🤖 AI Summary
This work addresses the multifaceted security challenges confronting large language models in high-stakes scenarios—including privacy leakage, adversarial attacks, misinformation, and insufficient robustness—for which no unified solution currently exists. The authors propose SafeLM, a novel framework that, for the first time, cohesively integrates privacy preservation, attack defense, factual consistency, and robust aggregation within a federated learning paradigm. Through key technical innovations such as gradient-aware optimization, Paillier encryption, contrastive-guided calibrated decoding, and alignment-aware binary aggregation, SafeLM achieves state-of-the-art performance: it attains 98.0% accuracy in harmful content detection, reduces communication overhead by 96.9%, and suppresses gradient inversion attacks to a PSNR of 15.1 dB, thereby substantially enhancing model security, efficiency, and trustworthiness.
📝 Abstract
Large language models (LLMs) are increasingly deployed in high-stakes domains, yet a unified treatment of their overlapping safety challenges remains lacking.
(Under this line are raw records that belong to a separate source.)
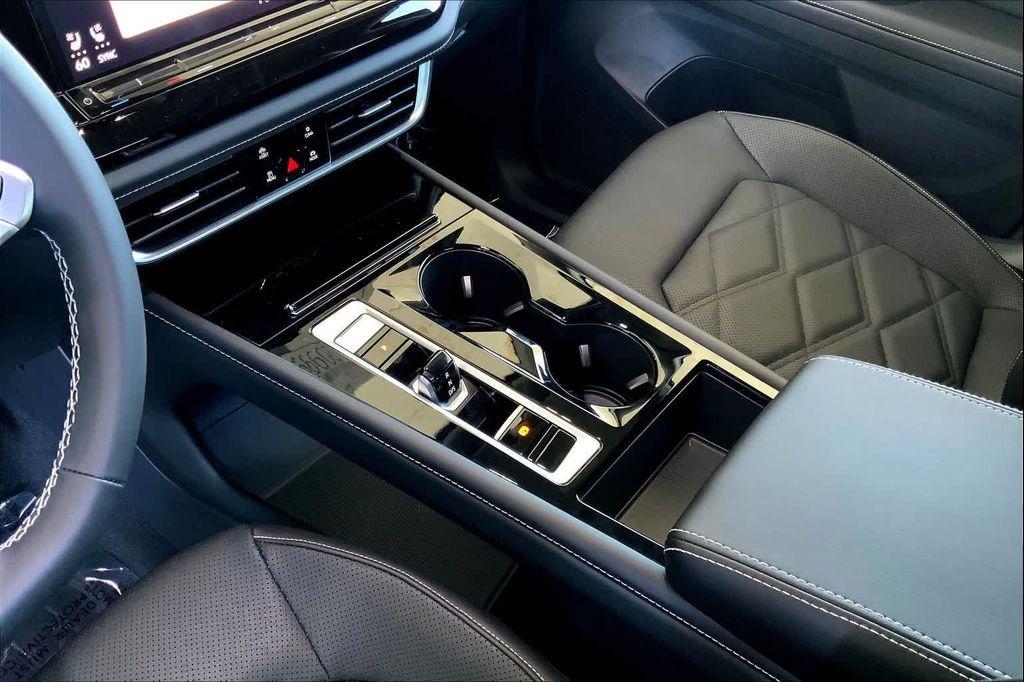 new 2026 Volkswagen Atlas car, priced at $46,744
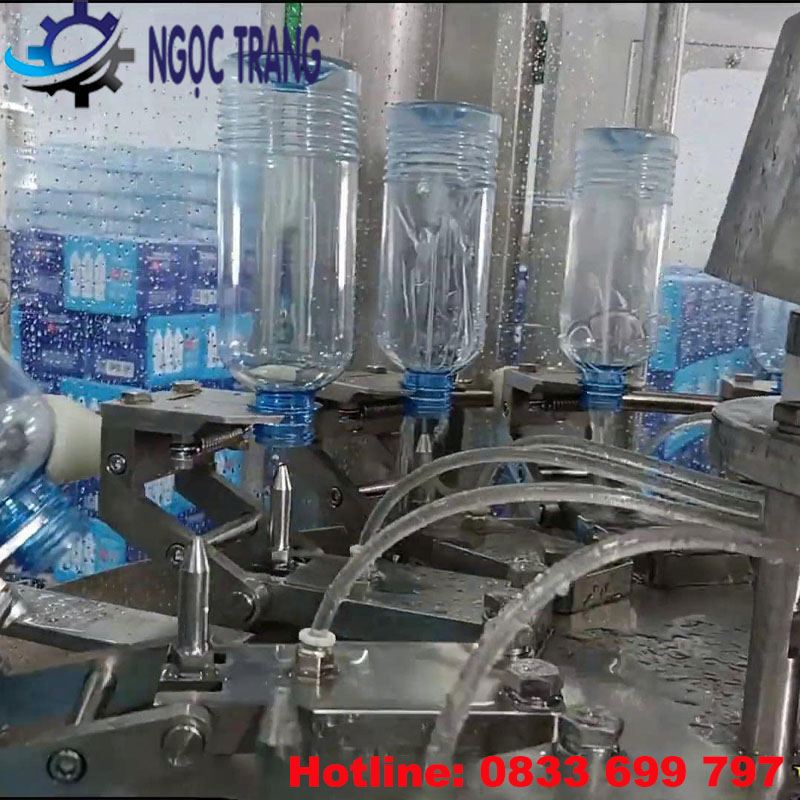 Máy chiết rót nước đóng chai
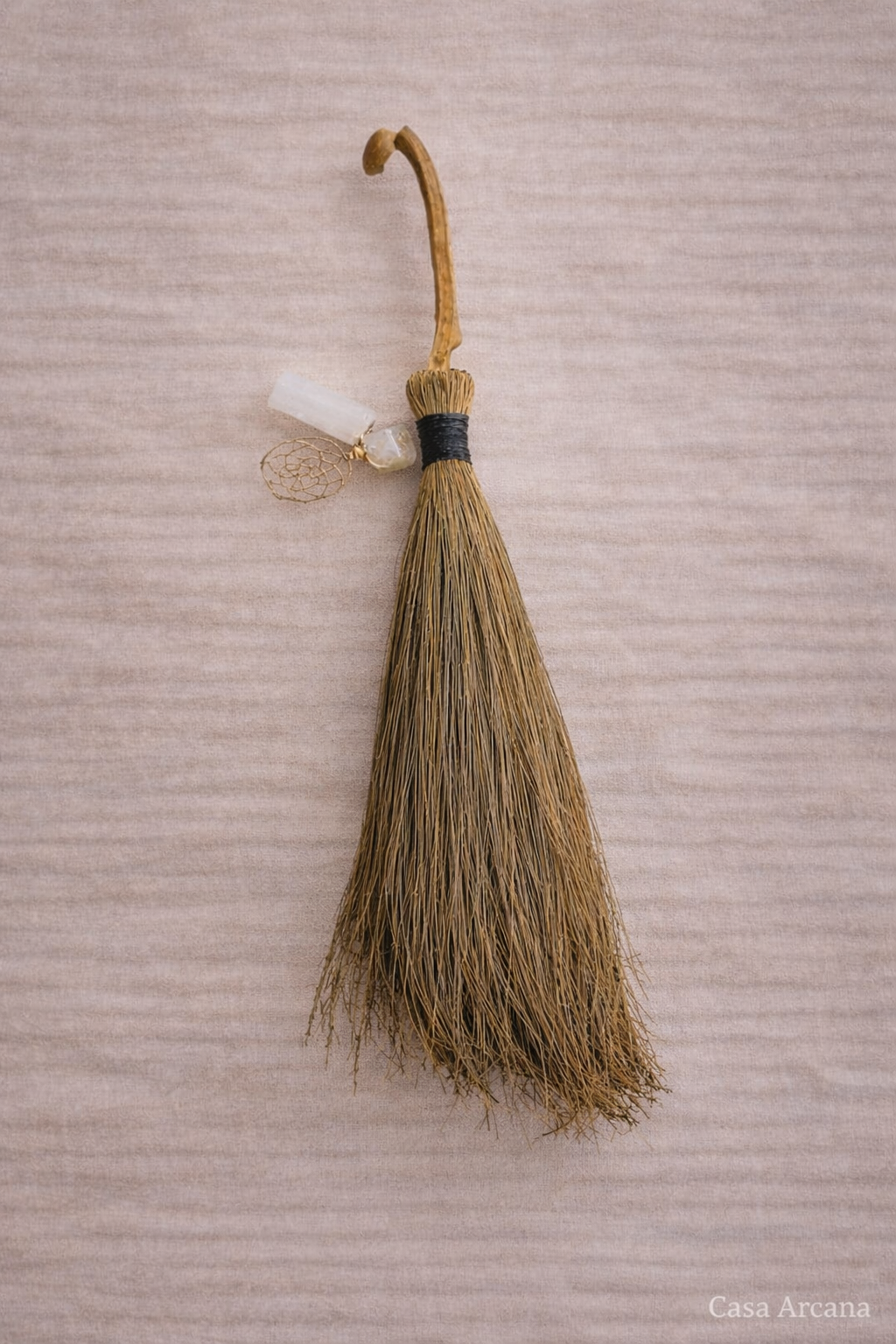 Escoba de Altar Atrapasueños con Ágata Blanca — 42 cm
We present SafeLM, a framework that jointly addresses four pillars of LLM safety: privacy, security, misinformation, and adversarial robustness. SafeLM combines federated training with gradient smartification and Paillier encryption for privacy, integrates defenses against training and inference-time attacks, employs contrastive grounding with calibrated decoding to reduce hallucinations, and introduces alignment-aware binarized aggregation to enhance robustness while maintaining bounded reconstruction quality. Across benchmarks on factuality, toxicity, and membership inference, SafeLM achieves 98.0% harmful content detection accuracy, reduces communication by 96.9%, and lowers gradient inversion PSNR from 31.7 dB to 15.1 dB. Ablations show that each component contributes independently, whereas their integration yields a strong privacy utility efficiency trade-off for deploying trustworthy LLMs.